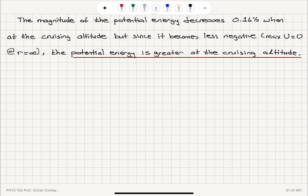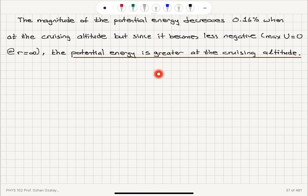As we go far away from the center of the Earth, the potential energy keeps increasing. This is an attractive force, and as a result the potential energy must be maximum at r = infinity. As we bring the object closer to the center of the Earth, the potential energy decreases.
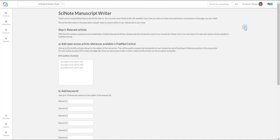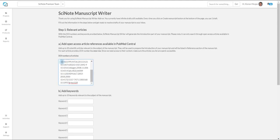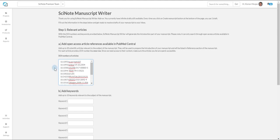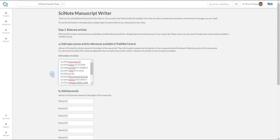First, write down your open access article reference numbers. They are available in PubMed Central. You can add up to 20 articles, and bear in mind that every number has to be in a new row. Be advised that used articles are openly accessible. They will be used to prepare an introduction of your manuscript, and they will be listed in the reference section of the manuscript.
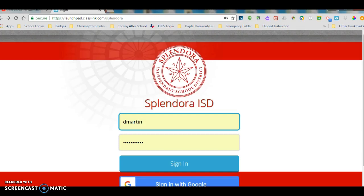How's it going Wildcats? Mr. Martin here with some great news about a tool we're going to be using in 2018-2019 called ClassLink.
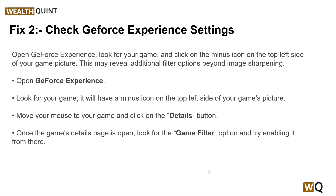Our second step is to check the GeForce Experience settings. Open GeForce Experience, look for your game, and click on the minus icon on the top left side of your game picture. This may reveal additional filter options beyond image sharpening. Move your mouse to your game and click the Detail button.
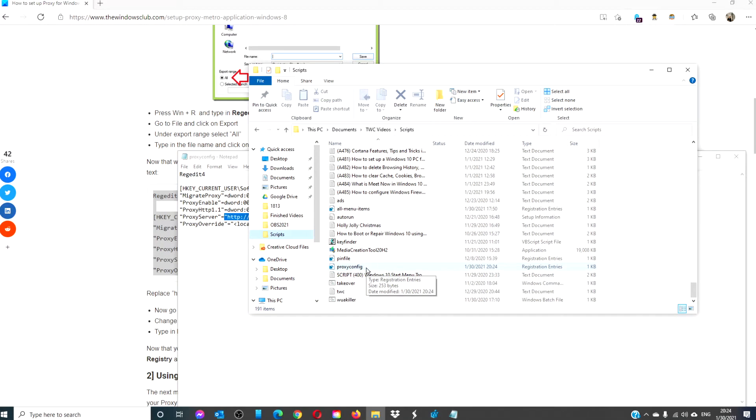Double click and allow the registry changes to take effect. Restart your system and check and see if it works now.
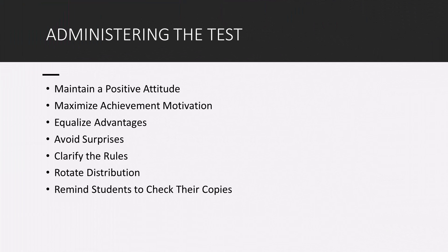Now I want to talk about test administration. So we just covered assembly of a test. Now I want to talk about administering the test. So when we talk about administering the test, a couple things I want to mention.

#### [REQUIREMENT]
Make an exact copy of the listing. Do not carry over its pictures.

#### [PROBLEM SOLUTION]
As we go far away from the center of the Earth, the potential energy keeps increasing. This is an attractive force, and as a result the potential energy must be maximum at r = infinity. As we bring the object closer to the center of the Earth, the potential energy decreases.
First, write down your open access article reference numbers. They are available in PubMed Central. You can add up to 20 articles, and bear in mind that every number has to be in a new row. Be advised that used articles are openly accessible. They will be used to prepare an introduction of your manuscript, and they will be listed in the reference section of the manuscript.
How's it going Wildcats? Mr. Martin here with some great news about a tool we're going to be using in 2018-2019 called ClassLink.
Our second step is to check the GeForce Experience settings. Open GeForce Experience, look for your game, and click on the minus icon on the top left side of your game picture. This may reveal additional filter options beyond image sharpening. Move your mouse to your game and click the Detail button.
Double click and allow the registry changes to take effect. Restart your system and check and see if it works now.
Now I want to talk about test administration. So we just covered assembly of a test. Now I want to talk about administering the test. So when we talk about administering the test, a couple things I want to mention.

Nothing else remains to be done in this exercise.